Нет. Я, перепрыгнув упавшую ширму, устремилась за вороном.

Нам вдогонку полетел крик модистки:

— А заплатить?!

Ворон, не оборачиваясь, кинул кошель на звук. Уверенно так. Чувствуется, у него в подобных делах имелся уже немалый опыт, сноровка и тренировка…

Вслед ничего больше не кричали. Значит, точно. Попал. А в руки или в лоб, тем самым оглушив… Тут уж от ловкости самой хозяйки салона зависит.

Все это произошло за каких-то пару секунд, а затем мы очутились на улице. Вечерней, пропитанной суетой минувшего дня и еще не уснувшей.
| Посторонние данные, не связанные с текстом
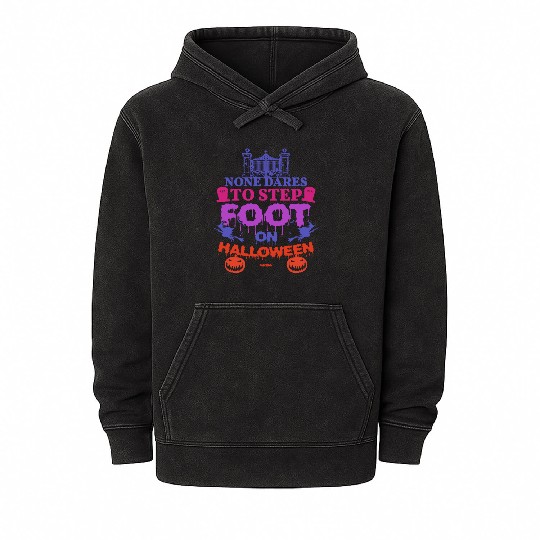 creepy Halloween saying Mineral Wash Hoodies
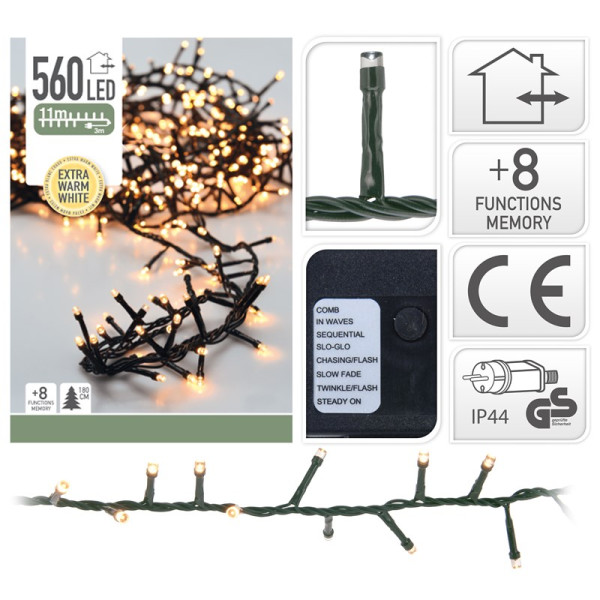 Kerstverlichting Cluster 560L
Народу было не то чтобы много, но и не мало. Ровно столько, чтобы репортерам оказалось удобно удирать. Я бы даже сказала, с комфортом: лавируя меж прохожих так, что ни пульсаром в них толком не запустишь, ни ловчей сетью. Обязательно кого-нибудь из горожан зацепишь.
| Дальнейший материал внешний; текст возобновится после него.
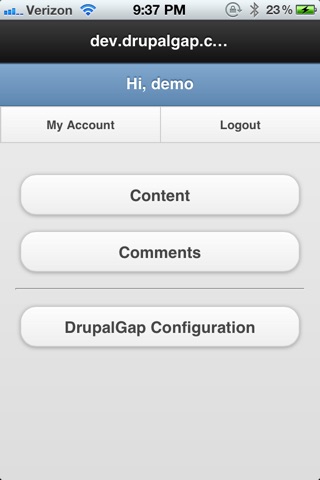 DrupalGap screenshot 3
Но проще уйти на тот свет, чем от карателя. А от некромантки — и подавно. Это мы и доказали, дружно припустив за новостниками. Вот только эти паразиты на ближайшем же перекрестке разделились. И если ворон помчался за плечистым малым в клетчатом кэпи, то мне достался ушлый и юркий голенастый пацан в невероятно широких и коротких бриджах, которые болтались на нем лишь на подтяжках и лживом слове. Именно лживом, поскольку честного у людей, чарографирующих эйру в неглиже, просто быть не могло!

И плевать, что я в момент съемки была почти одета! Сам факт!
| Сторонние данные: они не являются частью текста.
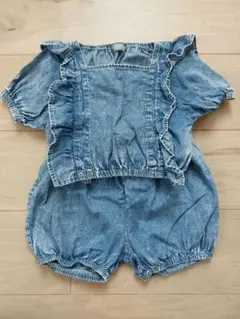 デニムセットアップ　90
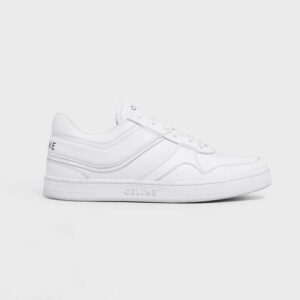 Celine Women Trainer Low Lace-up Sneaker in Calfskin-White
В общем, я разозлилась. А пацан — оглянувшись и узрев эту мою злость — испугался.

Порою люди перед страхом смерти резко умнеют, кристально трезвеют, оказываются беременными кормящими матерями (причем — мужчины!), иногда — творят чудеса, а вот этот конкретный экземпляр — отрастил крылья. А я-то полагала, что оные у людей появляются только от любви, за спиной и эфемерно. А у этого репортера — от испуга, на пятках и весьма натурально.

На миг застыв на месте, словно выбирая, куда бежать, он развел каблуки башмаков в разные стороны, а потом с силой ударил ими друг об друга. Из-под подметок брызнул сноп искр, а пацан обзавелся двумя полупрозрачными небольшими винтовыми лопастями, которые напоминали сплетенные из мелких вихревых потоков жгуты. Взлететь в небеса на таких не взлетишь, но скорость можно набрать изрядную. Не хуже, чем на педальном бицикле, что был прошлым летом на пике моды.

В итоге репортер рванул с прытью, которой любой рысак бы на скачках позавидовал. Я неслась следом: улица, подворотня, проулок, закончившийся тупиковой стеной в два моих роста и горой мусора под ней. Вот только когда я добежала до оного места, то единственное, что увидела, — бриджи и крылатый ботинок, мелькнувшие на миг на краю каменной кладки.

— Да чтоб тебе стать после смерти учетным пособием у некромантов-первокурсников! — в сердцах пожелала я репортеру: пусть его каждую ночь поднимали бы, паразита. Мои новые сапоги. Новый костюм… И эта помойка. Но куда я денусь из пентаграммы? Догнать-то нужно!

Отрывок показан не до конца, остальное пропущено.